Clearing obstacles to treating childhood cancer

Our UBS Optimus Foundation focuses on programs that benefit children worldwide. We do so because we understand that when children are educated, healthy and free from abuse, they are able to reach their full potential. So collaboration with World Child Cancer was a natural fit for us. Since 2010, they've worked in low-income countries in sub-Saharan Africa, training healthcare workers in treating childhood cancer. In Ghana, after seven years of partnership with the Korle Bu Teaching Hospital in Accra, survival rates at the hospital rose from 20% to 62%1 for certain cancers and national diagnosis more than tripled.

Those are the facts. But collaborations are about more than just numbers. They are driven by exceptional individuals. We think their stories have incredible power. And they should be told.

Today, Professor Lorna Renner is the Head of the Pediatric Oncology Unit at Korle Bu Teaching Hospital. But when she first started working as a doctor in Ghana, she was an outlier amongst her medical peers – one of the few who wanted to stay. Between 1985 and 1994, 60% of medical graduates in Ghana took jobs overseas, attracted by better pay and working conditions.2

Starting out a resident at Korle Bu Teaching Hospital, she saw first-hand how the lack of expertise in treating childhood cancer and inaccessibility of funding was cause for national concern. (Children diagnosed with cancer in high-income countries have long-term cure rates over 80% whereas survival rates drop as low as 10% in lower- and middle-income countries).3 Lorna set off for the UK to specialize in pediatric oncology and to develop a network that would serve to further work in Ghana. Not returning to her country was never an option.

"In the UK, I was a spoke in a well-oiled wheel," she said. "I knew that in Ghana I would have to be the wheel." 2

Lorna returned to Ghana ready to make waves. She initiated the partnership between World Child Cancer and the Korle Bu Hospital, enabling them to provide specialist training for healthcare workers, support costs for vulnerable families, facilitate better patient follow-up and even begin community awareness and engagement activities.

Currently Lorna is one of three pediatric oncologists in a country of 27 million people.
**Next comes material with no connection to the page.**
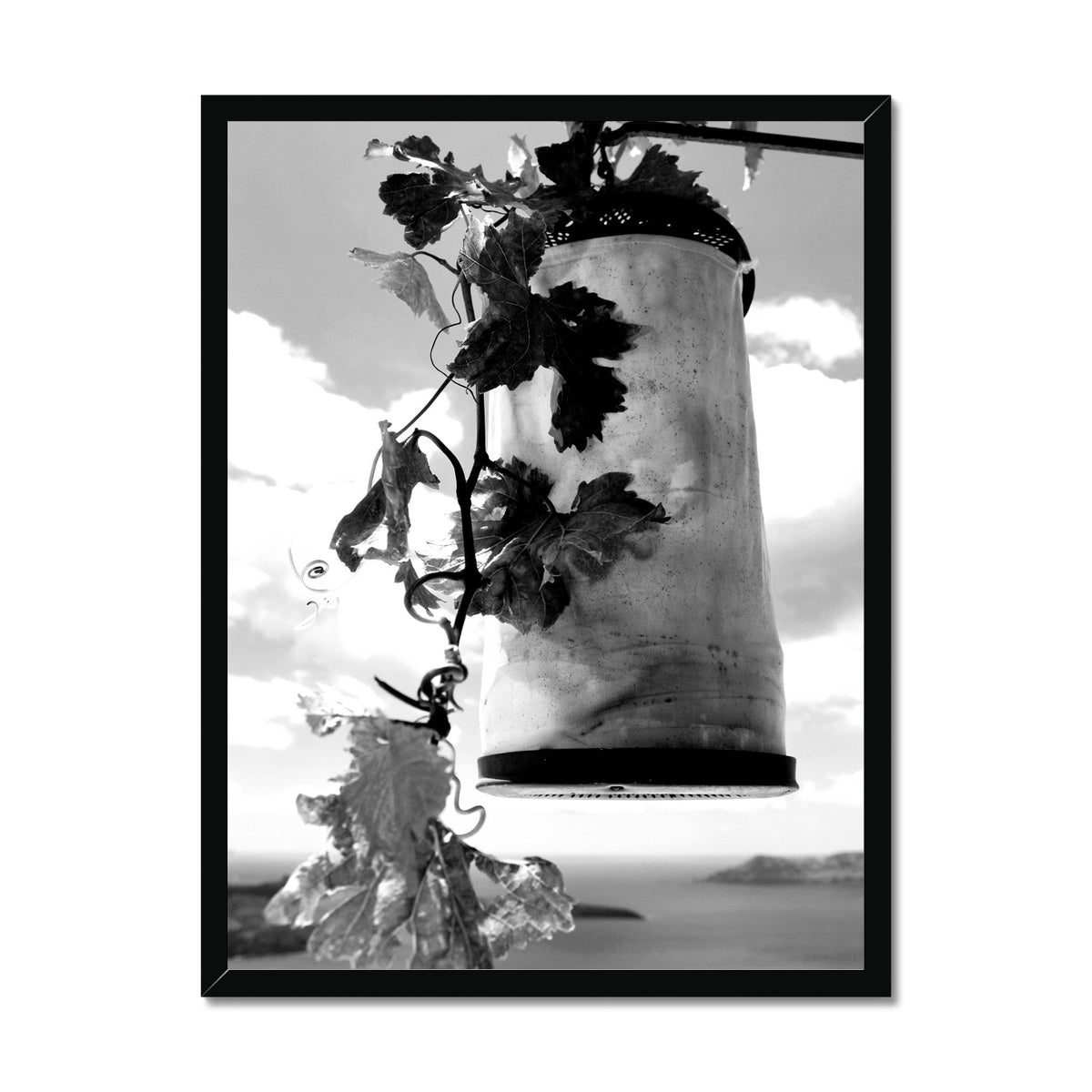 LIFESTYLE 20 Framed Print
Since the partnership with World Child Cancer in 2010, the number of children in Ghana receiving cancer treatment each year has doubled. In 2019, the UBS Optimus Foundation began supporting World Child Cancer to scale up their efforts to provide specialist training, not just in Ghana but throughout West Africa by building Korle Bu Hospital's capacity to be a regional Center of Excellence for pediatric cancer diagnosis and treatment.